▶ SUPPLIED ENTRIES:

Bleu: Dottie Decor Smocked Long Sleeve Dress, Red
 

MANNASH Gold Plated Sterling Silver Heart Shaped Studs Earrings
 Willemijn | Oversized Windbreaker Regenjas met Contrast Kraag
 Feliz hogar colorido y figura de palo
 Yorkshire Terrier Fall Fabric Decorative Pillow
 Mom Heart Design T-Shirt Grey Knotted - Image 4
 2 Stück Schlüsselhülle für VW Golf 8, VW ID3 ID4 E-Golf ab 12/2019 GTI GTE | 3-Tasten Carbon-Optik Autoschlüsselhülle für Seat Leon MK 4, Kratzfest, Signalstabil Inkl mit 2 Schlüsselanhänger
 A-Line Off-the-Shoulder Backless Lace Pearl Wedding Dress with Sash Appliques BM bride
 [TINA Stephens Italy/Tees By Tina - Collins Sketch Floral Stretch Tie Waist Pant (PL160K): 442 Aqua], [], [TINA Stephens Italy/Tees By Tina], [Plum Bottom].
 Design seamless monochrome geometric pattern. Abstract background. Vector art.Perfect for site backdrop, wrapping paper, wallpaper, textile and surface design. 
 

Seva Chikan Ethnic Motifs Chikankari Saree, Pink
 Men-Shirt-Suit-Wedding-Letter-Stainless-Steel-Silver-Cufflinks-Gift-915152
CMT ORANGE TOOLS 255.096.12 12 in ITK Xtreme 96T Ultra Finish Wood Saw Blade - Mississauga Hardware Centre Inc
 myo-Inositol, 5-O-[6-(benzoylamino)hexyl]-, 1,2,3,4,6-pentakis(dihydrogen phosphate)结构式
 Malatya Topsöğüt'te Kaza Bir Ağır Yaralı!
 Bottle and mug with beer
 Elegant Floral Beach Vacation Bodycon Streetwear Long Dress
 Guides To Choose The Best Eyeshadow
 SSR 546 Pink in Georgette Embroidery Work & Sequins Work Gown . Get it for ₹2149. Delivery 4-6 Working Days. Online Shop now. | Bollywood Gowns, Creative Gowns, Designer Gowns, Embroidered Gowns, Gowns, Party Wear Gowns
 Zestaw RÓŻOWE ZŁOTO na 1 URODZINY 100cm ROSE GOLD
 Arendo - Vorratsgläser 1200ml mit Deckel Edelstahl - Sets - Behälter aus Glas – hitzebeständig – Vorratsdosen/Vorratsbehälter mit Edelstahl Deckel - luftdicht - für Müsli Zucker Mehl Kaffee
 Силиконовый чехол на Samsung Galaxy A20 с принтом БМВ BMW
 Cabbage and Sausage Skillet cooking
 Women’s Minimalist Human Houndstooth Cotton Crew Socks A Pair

▶ PROBLEM DESCRIPTION: A word-for-word transcription of all the data is needed.

▶ RESPONSE TO THE EXERCISE:
Bleu: Dottie Decor Smocked Long Sleeve Dress, Red
 

MANNASH Gold Plated Sterling Silver Heart Shaped Studs Earrings
 Willemijn | Oversized Windbreaker Regenjas met Contrast Kraag
 Feliz hogar colorido y figura de palo
 Yorkshire Terrier Fall Fabric Decorative Pillow
 Mom Heart Design T-Shirt Grey Knotted - Image 4
 2 Stück Schlüsselhülle für VW Golf 8, VW ID3 ID4 E-Golf ab 12/2019 GTI GTE | 3-Tasten Carbon-Optik Autoschlüsselhülle für Seat Leon MK 4, Kratzfest, Signalstabil Inkl mit 2 Schlüsselanhänger
 A-Line Off-the-Shoulder Backless Lace Pearl Wedding Dress with Sash Appliques BM bride
 [TINA Stephens Italy/Tees By Tina - Collins Sketch Floral Stretch Tie Waist Pant (PL160K): 442 Aqua], [], [TINA Stephens Italy/Tees By Tina], [Plum Bottom].
 Design seamless monochrome geometric pattern. Abstract background. Vector art.Perfect for site backdrop, wrapping paper, wallpaper, textile and surface design. 
 

Seva Chikan Ethnic Motifs Chikankari Saree, Pink
 Men-Shirt-Suit-Wedding-Letter-Stainless-Steel-Silver-Cufflinks-Gift-915152
CMT ORANGE TOOLS 255.096.12 12 in ITK Xtreme 96T Ultra Finish Wood Saw Blade - Mississauga Hardware Centre Inc
 myo-Inositol, 5-O-[6-(benzoylamino)hexyl]-, 1,2,3,4,6-pentakis(dihydrogen phosphate)结构式
 Malatya Topsöğüt'te Kaza Bir Ağır Yaralı!
 Bottle and mug with beer
 Elegant Floral Beach Vacation Bodycon Streetwear Long Dress
 Guides To Choose The Best Eyeshadow
 SSR 546 Pink in Georgette Embroidery Work & Sequins Work Gown . Get it for ₹2149. Delivery 4-6 Working Days. Online Shop now. | Bollywood Gowns, Creative Gowns, Designer Gowns, Embroidered Gowns, Gowns, Party Wear Gowns
 Zestaw RÓŻOWE ZŁOTO na 1 URODZINY 100cm ROSE GOLD
 Arendo - Vorratsgläser 1200ml mit Deckel Edelstahl - Sets - Behälter aus Glas – hitzebeständig – Vorratsdosen/Vorratsbehälter mit Edelstahl Deckel - luftdicht - für Müsli Zucker Mehl Kaffee
 Силиконовый чехол на Samsung Galaxy A20 с принтом БМВ BMW
 Cabbage and Sausage Skillet cooking
 Women’s Minimalist Human Houndstooth Cotton Crew Socks A Pair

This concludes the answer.